CODE OF ETHICS FOR CHIEF EXECUTIVE OFFICER AND SENIOR FINANCIAL OFFICERS

      Attached hereto is the Code of Conduct and Ethics applicable to all
directors, officers and employees of the Company. The CEO and all senior
financial officers, including the CFO and principal accounting officer, are
bound by the provisions set forth therein relating to ethical conduct, conflicts
of interest, and compliance with law. In addition to the Code of Conduct and
Ethics, the CEO and senior financial officers are subject to the following
additional specific policies:

      1. Act with honesty and integrity, avoiding actual or apparent conflicts
between personal, private interests and the interests of the Company, including
receiving improper personal benefits as a result of his or her position.

      2. Disclose to the CEO and the Board of Directors of the Company any
material transaction or relationship that reasonably could be expected to give
rise to a conflict of interest.

      3. Perform responsibilities with a view to causing periodic reports and
documents filed with or submitted to the SEC and all other public communications
made by the Company to contain information that is accurate, full, fair, timely
and understandable, including full review of all annual and quarterly reports.

      4. Comply with laws, rules and regulations of federal, state and local
governments applicable to the Company and with the rules and regulations of
private and public regulatory agencies having jurisdiction over the Company.

      5. Act in good faith, responsibly, with due care, competence and
diligence, without misrepresenting or omitting material facts or allowing
independent judgment to be compromised or subordinated.

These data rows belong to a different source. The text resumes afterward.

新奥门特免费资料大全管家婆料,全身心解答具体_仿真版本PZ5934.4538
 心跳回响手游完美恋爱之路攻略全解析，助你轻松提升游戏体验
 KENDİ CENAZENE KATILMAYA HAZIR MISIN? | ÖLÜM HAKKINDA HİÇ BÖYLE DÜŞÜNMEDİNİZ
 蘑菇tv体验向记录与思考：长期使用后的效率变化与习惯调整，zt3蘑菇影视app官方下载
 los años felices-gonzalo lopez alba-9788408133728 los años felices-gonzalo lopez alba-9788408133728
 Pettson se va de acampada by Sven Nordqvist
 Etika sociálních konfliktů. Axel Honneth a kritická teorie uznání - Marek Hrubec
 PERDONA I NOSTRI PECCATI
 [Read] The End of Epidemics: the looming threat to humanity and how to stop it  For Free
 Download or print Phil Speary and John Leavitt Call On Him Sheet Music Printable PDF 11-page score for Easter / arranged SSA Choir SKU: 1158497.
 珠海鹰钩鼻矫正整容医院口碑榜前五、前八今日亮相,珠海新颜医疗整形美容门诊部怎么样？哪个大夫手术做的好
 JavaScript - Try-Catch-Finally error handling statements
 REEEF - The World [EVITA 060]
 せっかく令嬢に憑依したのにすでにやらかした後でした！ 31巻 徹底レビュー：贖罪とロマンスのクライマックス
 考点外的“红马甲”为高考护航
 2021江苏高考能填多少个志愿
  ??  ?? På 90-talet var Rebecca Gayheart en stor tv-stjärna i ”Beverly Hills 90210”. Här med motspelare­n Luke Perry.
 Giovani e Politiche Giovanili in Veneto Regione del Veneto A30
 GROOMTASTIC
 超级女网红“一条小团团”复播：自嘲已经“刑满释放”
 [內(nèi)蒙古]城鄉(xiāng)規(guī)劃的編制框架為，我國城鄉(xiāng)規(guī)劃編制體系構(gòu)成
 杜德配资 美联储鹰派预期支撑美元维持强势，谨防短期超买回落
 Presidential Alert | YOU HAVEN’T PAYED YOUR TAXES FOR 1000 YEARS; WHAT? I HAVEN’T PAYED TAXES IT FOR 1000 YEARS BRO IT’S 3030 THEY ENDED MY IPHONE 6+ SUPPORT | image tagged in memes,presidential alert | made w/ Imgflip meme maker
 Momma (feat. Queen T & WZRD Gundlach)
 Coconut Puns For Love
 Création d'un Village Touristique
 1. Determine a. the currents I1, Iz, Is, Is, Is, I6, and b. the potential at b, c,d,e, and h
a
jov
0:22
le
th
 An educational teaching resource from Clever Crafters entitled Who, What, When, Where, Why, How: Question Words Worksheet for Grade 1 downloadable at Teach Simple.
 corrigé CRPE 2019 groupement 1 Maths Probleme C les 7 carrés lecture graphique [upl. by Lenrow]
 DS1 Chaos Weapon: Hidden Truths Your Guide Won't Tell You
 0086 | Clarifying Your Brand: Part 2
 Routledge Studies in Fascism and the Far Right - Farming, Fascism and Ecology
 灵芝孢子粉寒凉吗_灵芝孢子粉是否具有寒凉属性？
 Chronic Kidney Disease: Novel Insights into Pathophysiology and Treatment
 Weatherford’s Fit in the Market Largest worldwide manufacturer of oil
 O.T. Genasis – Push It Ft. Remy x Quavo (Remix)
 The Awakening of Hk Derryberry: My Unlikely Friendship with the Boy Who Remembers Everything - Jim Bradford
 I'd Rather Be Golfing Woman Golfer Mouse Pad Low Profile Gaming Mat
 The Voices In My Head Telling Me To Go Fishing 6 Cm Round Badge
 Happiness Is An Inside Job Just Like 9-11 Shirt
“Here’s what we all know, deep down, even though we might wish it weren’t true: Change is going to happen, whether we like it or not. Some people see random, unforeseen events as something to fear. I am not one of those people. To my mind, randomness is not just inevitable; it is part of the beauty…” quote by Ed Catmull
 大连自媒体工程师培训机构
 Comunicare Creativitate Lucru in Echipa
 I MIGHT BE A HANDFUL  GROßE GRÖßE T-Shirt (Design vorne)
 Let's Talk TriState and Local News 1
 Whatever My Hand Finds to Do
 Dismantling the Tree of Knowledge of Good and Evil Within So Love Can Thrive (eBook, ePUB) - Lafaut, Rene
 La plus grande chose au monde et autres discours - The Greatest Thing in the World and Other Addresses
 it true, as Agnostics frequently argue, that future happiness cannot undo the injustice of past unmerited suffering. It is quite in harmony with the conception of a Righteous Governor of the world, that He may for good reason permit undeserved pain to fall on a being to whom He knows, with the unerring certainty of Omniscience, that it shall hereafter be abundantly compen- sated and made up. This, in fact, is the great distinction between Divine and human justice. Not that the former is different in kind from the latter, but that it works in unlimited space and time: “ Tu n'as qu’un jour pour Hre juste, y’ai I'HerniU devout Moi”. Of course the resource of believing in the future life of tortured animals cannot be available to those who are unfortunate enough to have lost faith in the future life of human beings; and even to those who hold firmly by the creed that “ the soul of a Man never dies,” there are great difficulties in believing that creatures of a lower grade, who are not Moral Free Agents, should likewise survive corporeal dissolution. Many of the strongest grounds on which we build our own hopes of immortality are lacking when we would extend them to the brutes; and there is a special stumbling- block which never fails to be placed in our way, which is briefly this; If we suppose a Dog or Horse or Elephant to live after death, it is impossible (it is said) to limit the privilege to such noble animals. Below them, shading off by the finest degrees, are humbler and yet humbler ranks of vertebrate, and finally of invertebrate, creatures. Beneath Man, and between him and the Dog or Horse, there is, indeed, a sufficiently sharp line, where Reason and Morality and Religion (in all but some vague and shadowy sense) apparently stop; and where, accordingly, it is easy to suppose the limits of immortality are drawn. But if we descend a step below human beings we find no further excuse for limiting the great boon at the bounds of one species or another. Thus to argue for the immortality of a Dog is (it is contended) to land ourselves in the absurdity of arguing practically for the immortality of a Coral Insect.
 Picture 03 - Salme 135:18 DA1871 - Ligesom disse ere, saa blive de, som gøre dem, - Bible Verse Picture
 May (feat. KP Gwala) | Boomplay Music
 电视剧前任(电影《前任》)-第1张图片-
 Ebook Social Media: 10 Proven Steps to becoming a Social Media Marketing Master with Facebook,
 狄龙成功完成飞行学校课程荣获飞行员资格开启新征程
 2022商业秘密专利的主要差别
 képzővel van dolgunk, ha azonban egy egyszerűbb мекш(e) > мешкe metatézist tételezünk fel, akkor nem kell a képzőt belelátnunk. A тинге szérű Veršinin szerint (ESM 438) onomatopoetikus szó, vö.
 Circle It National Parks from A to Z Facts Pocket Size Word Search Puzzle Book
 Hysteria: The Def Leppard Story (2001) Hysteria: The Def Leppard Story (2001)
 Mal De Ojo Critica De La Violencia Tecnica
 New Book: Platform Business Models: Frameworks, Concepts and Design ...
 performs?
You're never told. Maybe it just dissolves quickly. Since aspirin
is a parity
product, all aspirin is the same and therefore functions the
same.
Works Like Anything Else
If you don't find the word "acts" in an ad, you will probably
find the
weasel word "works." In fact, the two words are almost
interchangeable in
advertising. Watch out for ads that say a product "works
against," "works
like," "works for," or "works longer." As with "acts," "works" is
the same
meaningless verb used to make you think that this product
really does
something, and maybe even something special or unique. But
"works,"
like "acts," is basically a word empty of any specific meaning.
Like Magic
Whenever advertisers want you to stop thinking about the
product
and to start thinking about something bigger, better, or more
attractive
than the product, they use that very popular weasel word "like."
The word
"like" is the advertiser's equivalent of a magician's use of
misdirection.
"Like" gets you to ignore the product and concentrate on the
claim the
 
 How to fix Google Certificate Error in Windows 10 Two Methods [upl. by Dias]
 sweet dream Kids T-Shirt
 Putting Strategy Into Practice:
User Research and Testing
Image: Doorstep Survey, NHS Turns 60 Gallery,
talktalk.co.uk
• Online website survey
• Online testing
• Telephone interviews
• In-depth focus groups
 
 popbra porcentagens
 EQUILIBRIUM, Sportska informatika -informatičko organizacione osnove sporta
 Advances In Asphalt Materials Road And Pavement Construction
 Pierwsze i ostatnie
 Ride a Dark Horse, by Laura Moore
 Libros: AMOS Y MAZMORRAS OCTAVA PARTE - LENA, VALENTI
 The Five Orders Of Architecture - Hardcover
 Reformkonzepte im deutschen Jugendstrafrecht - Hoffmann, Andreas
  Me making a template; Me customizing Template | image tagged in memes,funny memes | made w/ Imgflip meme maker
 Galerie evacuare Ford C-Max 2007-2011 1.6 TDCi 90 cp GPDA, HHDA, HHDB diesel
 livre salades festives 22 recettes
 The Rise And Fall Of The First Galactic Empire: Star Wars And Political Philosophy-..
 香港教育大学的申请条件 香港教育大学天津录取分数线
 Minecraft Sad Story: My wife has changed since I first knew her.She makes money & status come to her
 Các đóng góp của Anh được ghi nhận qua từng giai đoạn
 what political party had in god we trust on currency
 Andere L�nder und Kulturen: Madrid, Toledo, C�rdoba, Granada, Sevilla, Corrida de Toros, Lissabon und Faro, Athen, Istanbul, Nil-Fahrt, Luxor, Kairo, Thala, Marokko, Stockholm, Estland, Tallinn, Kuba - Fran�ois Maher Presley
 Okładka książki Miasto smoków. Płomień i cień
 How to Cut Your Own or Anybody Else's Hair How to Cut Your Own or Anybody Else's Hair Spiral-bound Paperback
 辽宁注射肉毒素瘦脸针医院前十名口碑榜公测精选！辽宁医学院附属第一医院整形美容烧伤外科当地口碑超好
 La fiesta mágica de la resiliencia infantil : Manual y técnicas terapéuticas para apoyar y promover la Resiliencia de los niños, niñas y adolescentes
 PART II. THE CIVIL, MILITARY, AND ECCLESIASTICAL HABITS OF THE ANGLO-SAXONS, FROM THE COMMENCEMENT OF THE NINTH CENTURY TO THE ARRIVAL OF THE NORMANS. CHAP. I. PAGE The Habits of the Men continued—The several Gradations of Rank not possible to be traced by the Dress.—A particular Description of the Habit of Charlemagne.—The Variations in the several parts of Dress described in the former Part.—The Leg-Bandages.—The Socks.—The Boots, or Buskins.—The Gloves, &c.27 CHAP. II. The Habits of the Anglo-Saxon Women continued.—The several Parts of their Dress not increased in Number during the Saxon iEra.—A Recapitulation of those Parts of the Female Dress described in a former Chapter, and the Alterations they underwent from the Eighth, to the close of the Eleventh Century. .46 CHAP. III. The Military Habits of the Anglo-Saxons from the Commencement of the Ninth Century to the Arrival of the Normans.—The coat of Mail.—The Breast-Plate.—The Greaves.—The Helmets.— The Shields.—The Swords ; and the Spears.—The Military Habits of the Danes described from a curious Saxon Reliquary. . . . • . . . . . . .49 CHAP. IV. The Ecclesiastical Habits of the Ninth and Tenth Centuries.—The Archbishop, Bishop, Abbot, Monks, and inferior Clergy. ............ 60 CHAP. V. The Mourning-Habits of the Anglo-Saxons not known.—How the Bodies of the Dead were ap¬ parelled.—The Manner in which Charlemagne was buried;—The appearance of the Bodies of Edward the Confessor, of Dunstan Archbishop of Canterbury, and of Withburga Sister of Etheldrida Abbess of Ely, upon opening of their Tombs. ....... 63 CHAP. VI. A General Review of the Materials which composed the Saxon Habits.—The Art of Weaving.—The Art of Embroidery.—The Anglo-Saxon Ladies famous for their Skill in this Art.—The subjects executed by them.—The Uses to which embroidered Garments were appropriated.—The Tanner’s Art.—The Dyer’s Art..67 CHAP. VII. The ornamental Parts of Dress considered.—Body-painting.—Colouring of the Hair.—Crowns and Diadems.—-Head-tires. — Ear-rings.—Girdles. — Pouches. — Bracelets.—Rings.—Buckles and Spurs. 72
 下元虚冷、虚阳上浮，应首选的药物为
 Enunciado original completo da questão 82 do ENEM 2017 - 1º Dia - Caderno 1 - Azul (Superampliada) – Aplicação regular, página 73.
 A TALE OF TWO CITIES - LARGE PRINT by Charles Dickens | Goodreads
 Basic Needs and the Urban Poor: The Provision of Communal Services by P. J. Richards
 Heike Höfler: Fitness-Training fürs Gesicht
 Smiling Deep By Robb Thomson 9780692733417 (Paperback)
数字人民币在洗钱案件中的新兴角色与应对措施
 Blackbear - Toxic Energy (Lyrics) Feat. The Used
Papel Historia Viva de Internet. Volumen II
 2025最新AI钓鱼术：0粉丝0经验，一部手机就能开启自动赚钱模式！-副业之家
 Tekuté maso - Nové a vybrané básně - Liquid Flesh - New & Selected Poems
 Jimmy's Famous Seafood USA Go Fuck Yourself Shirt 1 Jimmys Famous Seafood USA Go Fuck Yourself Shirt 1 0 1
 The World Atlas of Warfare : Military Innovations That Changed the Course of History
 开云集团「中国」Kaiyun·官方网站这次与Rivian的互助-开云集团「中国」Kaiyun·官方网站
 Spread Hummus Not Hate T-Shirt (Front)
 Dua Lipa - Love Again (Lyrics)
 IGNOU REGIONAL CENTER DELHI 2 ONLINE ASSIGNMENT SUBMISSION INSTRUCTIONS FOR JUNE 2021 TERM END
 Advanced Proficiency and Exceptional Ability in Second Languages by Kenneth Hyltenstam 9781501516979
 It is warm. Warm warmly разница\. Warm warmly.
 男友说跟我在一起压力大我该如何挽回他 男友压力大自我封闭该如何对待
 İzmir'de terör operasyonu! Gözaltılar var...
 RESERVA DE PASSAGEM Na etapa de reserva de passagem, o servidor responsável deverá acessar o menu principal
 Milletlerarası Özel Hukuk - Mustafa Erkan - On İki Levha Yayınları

      6. Respect the confidentiality of information acquired in the course of
performance of his or her responsibilities except when authorized or otherwise
legally obligated to disclose any such information; not use confidential
information acquired in the course of performing his or her responsibilities for
personal advantage.

      7. Share knowledge and maintain skills important and relevant to the needs
of the Company, its stockholders and other constituencies and the general
public.

      8. Proactively promote ethical behavior among subordinates and peers in
his or her work environment and community.

      9. Use and control all corporate assets and resources employed by or
entrusted to him or her in a responsible manner.



      10. Not use corporate information, corporate assets, corporate
opportunities or his or her position with the Company for personal gain; not
compete directly or indirectly with the Company.

      11. Comply in all respects with the Company's Code of Conduct and Ethics.

      12. Report promptly violations of this Code of Ethics to the Chairperson
of the Board, Chief Executive Officer, Chief Financial Officer or Chairperson of
the Audit Committee (if any) of the Board of Directors, as appropriate. The
Board of Directors will investigate any reported violations and will oversee an
appropriate response, including corrective action and preventative measures. Any
officer who violates this Code will face appropriate, case specific disciplinary
action, which may include demotion or discharge.

      Any request for a waiver of any provision of this Code must be in writing
and addressed to the Chairman of the Board of Directors of the Company. Any
waiver of this Code will be disclosed promptly on Form 8-K or any other means
approved by the Securities and Exchange Commission.

      It is the policy of the Company that each officer covered by this Code
shall acknowledge and certify to the foregoing annually and file a copy of such
certification with the Chairman of the Board of Directors.